筆者は月に何度も、しばしば長距離国際線に乗るほど頻繁に飛行機を利用する。機内ではテレビや映画をよく見るし、最近はオーディオブックにもハマっている。その結果、20年以上にわたってハイエンドのノイズキャンセリング・ヘッドホンを常用してきており、市場に出回っている名だたる主要モデルのほとんどを試してきた。筆者のお気に入りは、新登場のBowers & Wilkins Px8 S2ワイヤレス・ノイズキャンセリング・ヘッドホンだ。Bowers & Wilkinsはスピーカーとヘッドホンだけを専門に手掛けるハイテクオーディオ企業であり、その技術力は非常に高い。Px8 S2は、栄誉ある2026年iFデザイン賞を受賞したばかりで、信頼できるテクノロジー専門サイト「TechRadar.com」からは「Headphone of The Year」に選ばれた。

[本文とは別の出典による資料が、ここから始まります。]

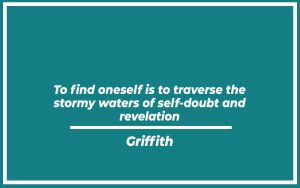 A quote from D.W. Griffith about gender roles, displayed on a background of vintage film reels.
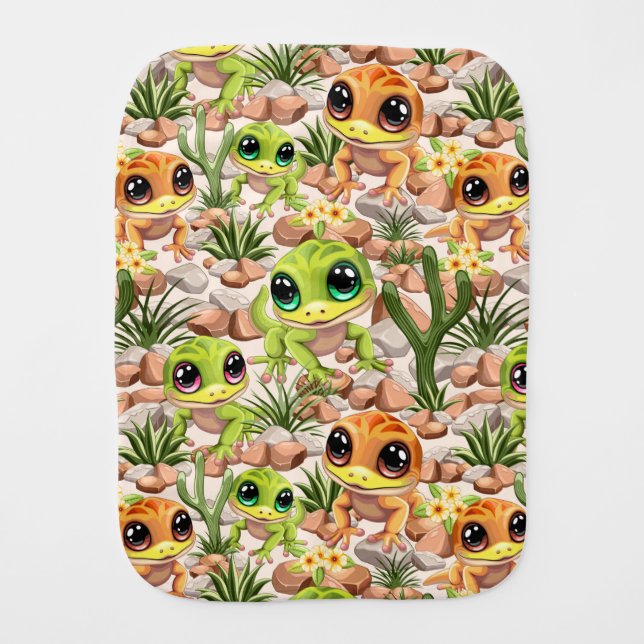 Baby Geckos Cute Cartoon Characters Baby Burp Cloth (Front)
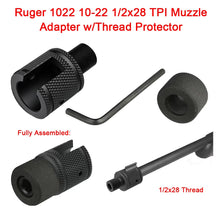 Load image into Gallery viewer, Ruger 1022 10/22 Thread Adapter 1/2x28TPI Thread Muzzle Brake +Protector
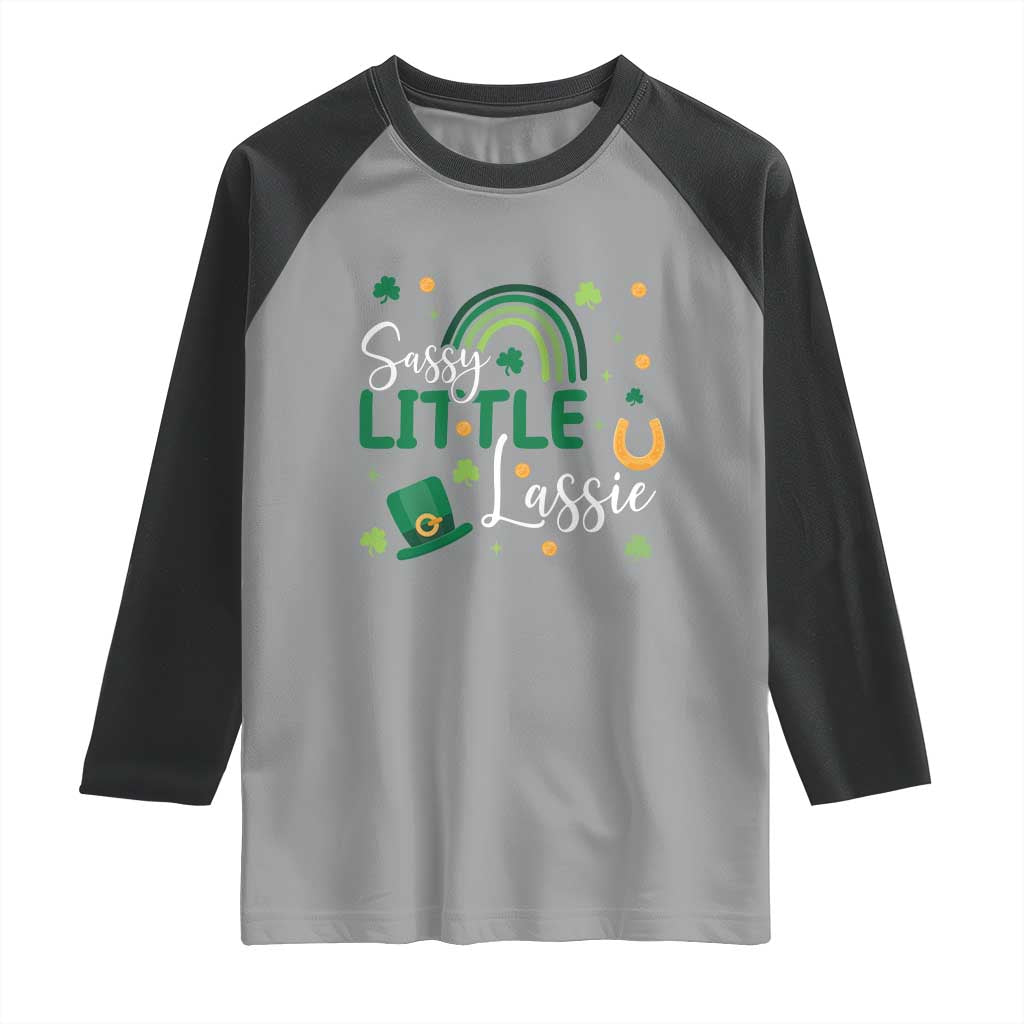 Funny Sassy Little Lassie Raglan Shirt St Patrick's Day Shamrock Rainbow TS11 Sport Gray Black Print Your Wear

旅行用途において、このモデルには他を圧倒する2つの特徴がある。1つは、1回の充電で地球上のほぼすべての場所に到達できる30時間のバッテリー寿命(万が一のためのUSB-C急速充電にも対応)、もう1つは、他の多くのモデルのように長時間使用しても耳が痛くならない、柔らかいナパレザー製イヤーピースによる極上の快適さだ。その他の部分は耐久性を重視してダイキャストアルミニウムで作られており、これは、混雑したバックパックに日常的に詰め込まれるような他の多くの高価なモデルで、筆者が不足していると感じていた要素だ。さらに、数多くのハイテク機能も備わっている。8つの独立したマイクが、環境に応じて調整可能な優れたマルチレベルのアクティブノイズキャンセリングを提供し、通話品質も非常に優れている。音楽再生においては、24ビットDSPと40mmカーボンコーン・ドライブユニットによる高解像度オーディオに対応しており、専用アプリからは直接音楽ストリーミングを利用できるほか、5バンドイコライザーも搭載されている。AppleのMFi(Made for iPhone)とGoogleのFast Pairの両方に対応し、aptX Lossless Bluetoothを使用している。
こうして筆者は最近、機内エンターテインメントも機内での食事も、以前より楽しんでいる。だが、好みのヘッドホンが何であれ、優れたアクティブノイズキャンセリングを備えているなら、機内食をよりおいしくする秘訣を発見する道をすでに歩み始めている。